Compare this with Poisson's equation:

$$
\nabla^2 \phi = 4\pi G\rho
$$

This means that:

$$
\frac{1}{2\kappa} \rho c^4 = 4\pi G\rho
$$

$$
\kappa = \frac{c^4}{8\pi G}
$$

Remember the field equations:

$$
G_{\mu \nu} = \frac{1}{\kappa} T_{\mu \nu}
$$

Now knowing the value of $\kappa$, we need only substitute to get:

$$
G_{\mu \nu} = \frac{8\pi G}{c^4} T_{\mu \nu}
$$

This elegant equation is the apotheosis of general relativity, and it rightfully deserves its place as one of the most famous equations in all of physics.

Note that sometimes, there is an alternate form of the Einstein Field Equations that is easier to solve.

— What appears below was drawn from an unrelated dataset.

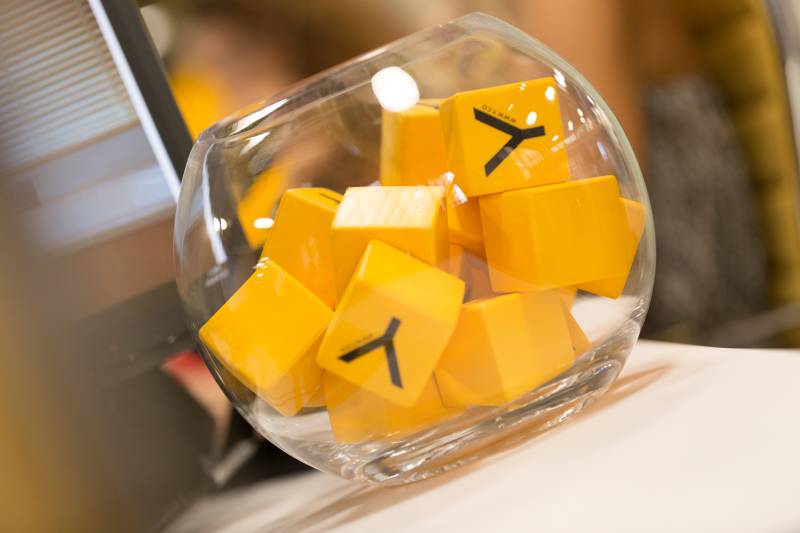 A glass container filled with bright yellow cubes, likely some type of cheese or food item, sits on a blurred background.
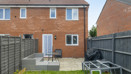 Rear view of brick house with patio, lawn, and fenced garden.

To do this, we expand out the full equations:

$$
R_{\mu \nu} - \frac{1}{2} Rg_{\mu \nu} = \frac{8\pi G}{c^4} T_{\mu \nu}
$$

We now multiply both sides by $g^{\mu \nu}$:

$$
g^{\mu \nu} R_{\mu \nu} - \frac{1}{2} R g_{\mu \nu} g^{\mu \nu} = \frac{8\pi G}{c^4} T_{\mu \nu} g^{\mu \nu}
$$

Using the fact that $g_{\mu \nu} = g^{\mu \nu} = 4$ and $T_{\mu \nu} g^{\mu \nu} = T$, this becomes:

$$
R - \frac{1}{2} (4R) = \frac{8\pi G}{c^4} T \Rightarrow -R = \frac{8\pi G}{c^4} T
$$

So, substituting back into the original EFEs:

$$
R_{\mu \nu} +\frac{1}{2} \frac{8\pi G}{c^4} T g_{\mu \nu} = \frac{8\pi G}{c^4} T_{\mu \nu}
$$

$$
R_{\mu \nu} = \frac{8\pi G}{c^4} \left(T_{\mu \nu} - \frac{1}{2} g_{\mu \nu} T \right)
$$

This makes the field equations simpler for vacuum solutions, where $T_{\mu \nu} = T = 0$. Thus, the equations just become:

$$
R_{\mu \nu} = 0
$$

which is still incredibly hard to solve, but more manageable than the typical case.

Finally, there is one more important fact about the field equations: taking the covariant derivatives of both sides is equal to zero. This means that:

$$
\nabla_\mu T_{\mu \nu} = 0
$$

This expression may look familiar if we recall that the covariant derivative with a repeated index is just the divergence of a field. What this is saying is that the total change in matter-energy flux in all of spacetime is zero - essentially, the conservation of energy.